Ich wurde von einem Bekannten angesprochen, ob ich bei der Aktion #outinchurch mitmachen wollte. Er wusste, dass ich queer bin. Ich habe mitgemacht, weil mir als Jugendliche Vorbilder gefehlt haben. Ich wollte zeigen: Wir sind schon da. Wir sind ganz viele queere Menschen.

Ich bin asexuell. Dabei gibt es durchaus Männer, die ich sehr nett finde. Aber ich habe kein sexuelles Verlangen. Ich sehe mich nicht mit Partner an meiner Seite. Das aber ist das Ideal in Kirche und Gesellschaft. Ohne Partner hast Du nie einen Platz. Nur die heterosexuelle Beziehung wird akzeptiert, weswegen ein Freund von mir, der schwul ist, nicht heiraten kann. Das stört mich.

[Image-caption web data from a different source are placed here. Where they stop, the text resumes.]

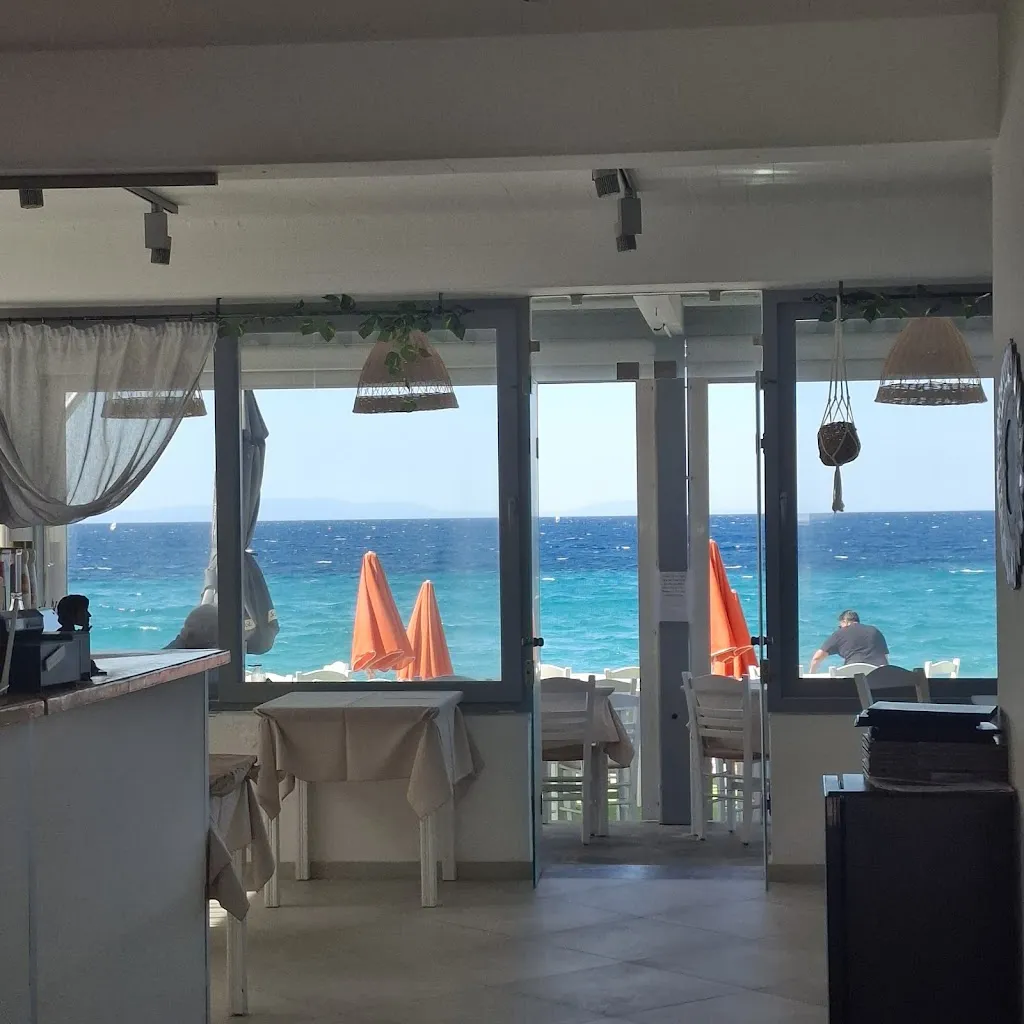 Freda Louizos_Dionyssos_Samos_review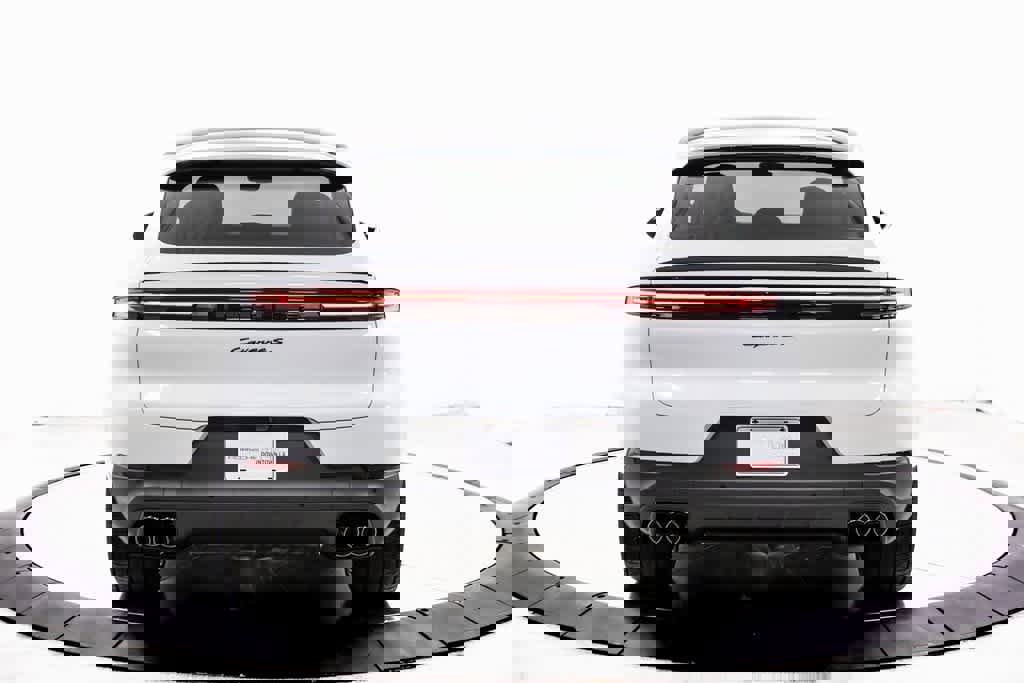 New 2026 Porsche Cayenne S image 6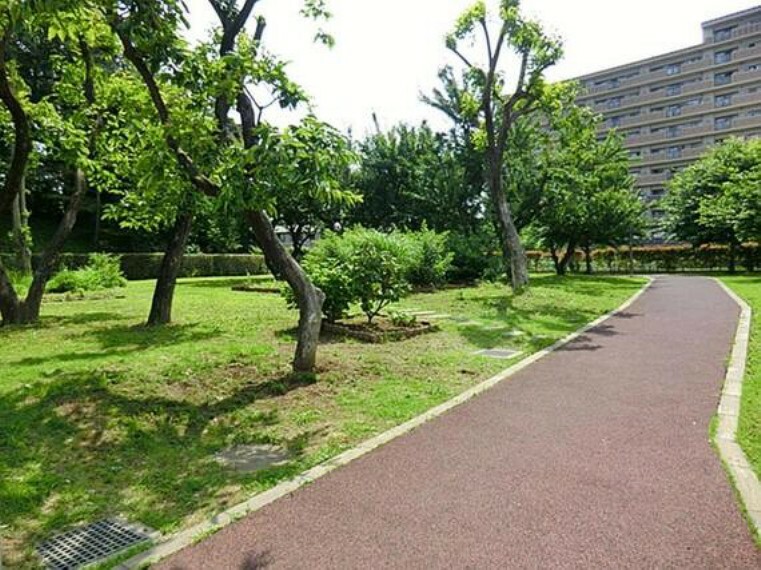 公園 柊塚古墳歴史広場まで約500m
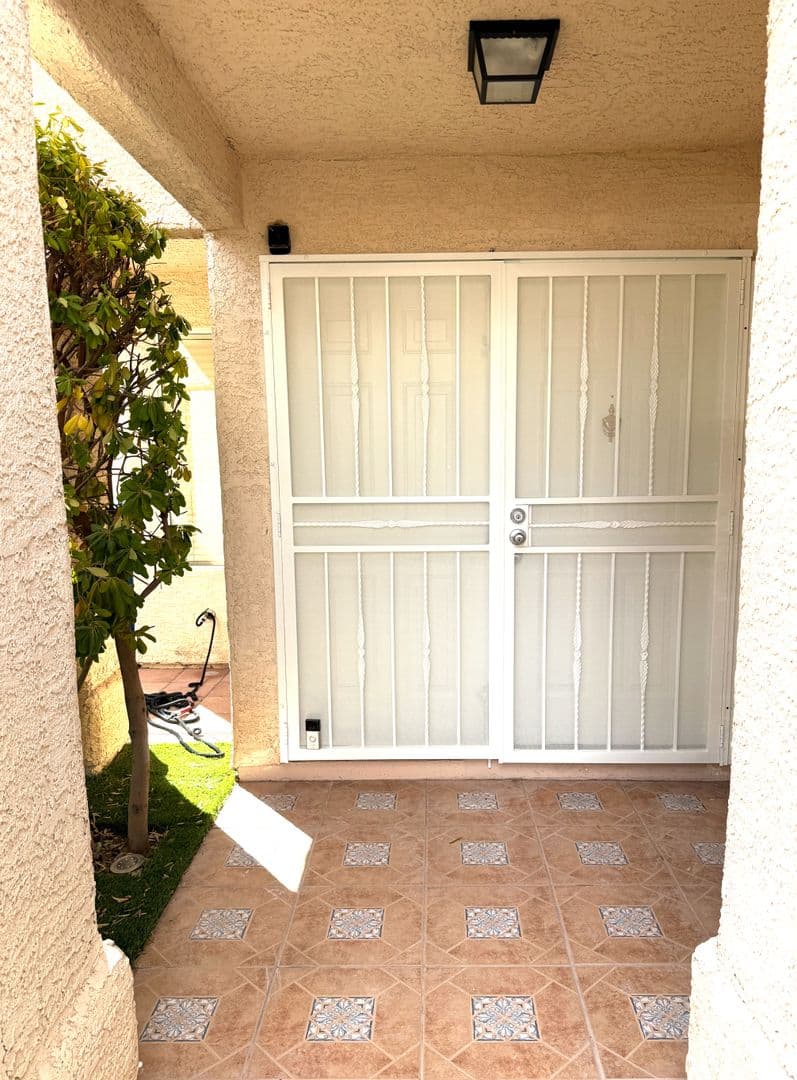 Las Vegas House: 433 Jubilation Drive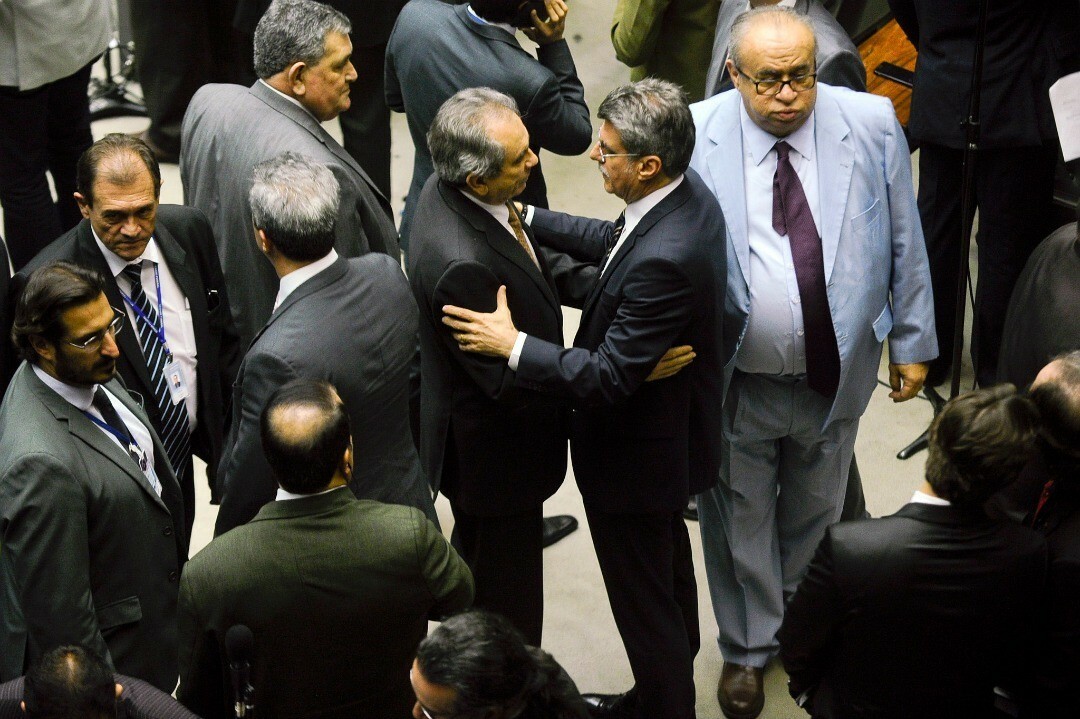Senador Raimundo Lira (PMDB-PB) conversa com senador Romero Jucá (PMDB-RR), em sessão do Congresso que aprovou a nova meta fiscal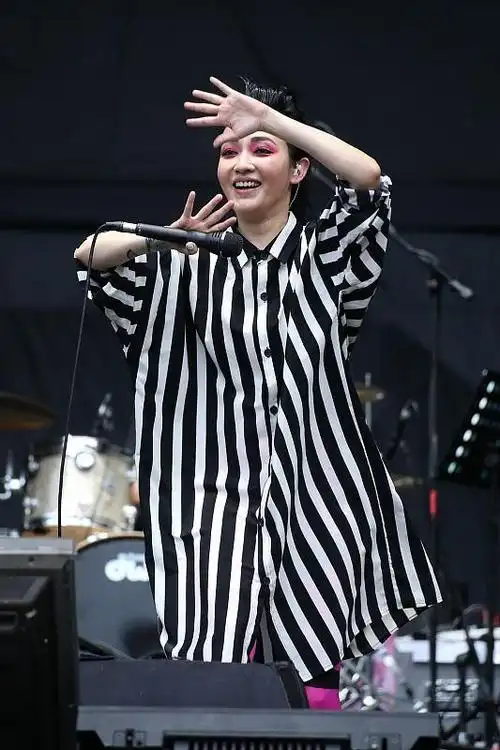 范晓萱短发造型好有气势身穿黑白色西装看起来又美又飒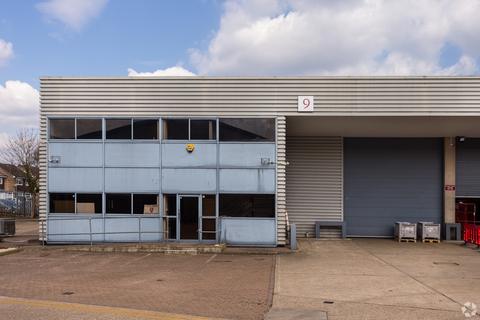 Warehouse to rent, Perth Ave Slough SL1 4XX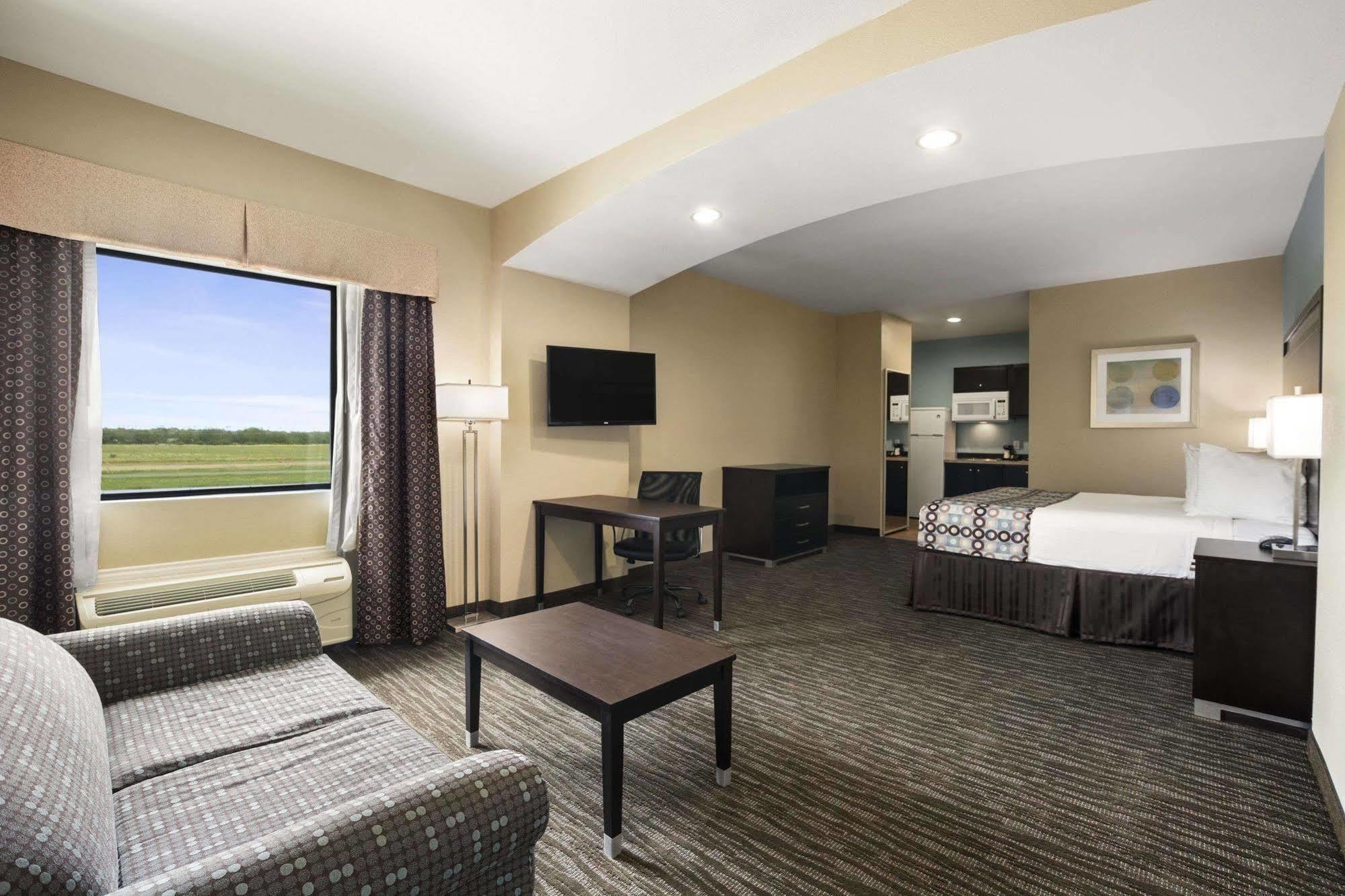 Days Inn Pearsall 外观 照片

Lange habe ich gesagt, dass ich den oder die Richtige noch nicht gefunden hätte. Ich hatte nie das Bedürfnis, mit einem Mann intim zu werden. Erst mit Mitte 20 habe ich festgestellt, dass ich asexuell bin. Ich war in einem queeren feministischen Kreis, in dem auch queere Fragen besprochen wurden. Das fand ich interessant. Ich hatte mich immer gefragt, warum das bei mir so ist, wie es ist. Aber als Asexuelle konnte ich immer unter dem heterosexuellen Radar laufen. Ich möchte mich nicht immer wieder erklären müssen. In meinem Freundeskreis gründen jetzt viele eine Familie, sodass dies immer mehr Thema wurde.

Mit #outinchurch möchte ich zeigen: Asexuell zu sein ist auch völlig normal. Die Teilnahme war für mich in weiten Teilen ein Outing. Meine Familie, Freund*innen und die Pfadfinder*innen wussten das natürlich. Allen anderen habe ich meine Partnerlosigkeit früher mit der Arbeit für das Studium und später in der Schule erklärt. Jetzt will ich das nicht mehr. Es ist ja nicht so, dass man nicht lieben kann. Liebe hat überhaupt nichts mit sexueller Orientierung zu tun.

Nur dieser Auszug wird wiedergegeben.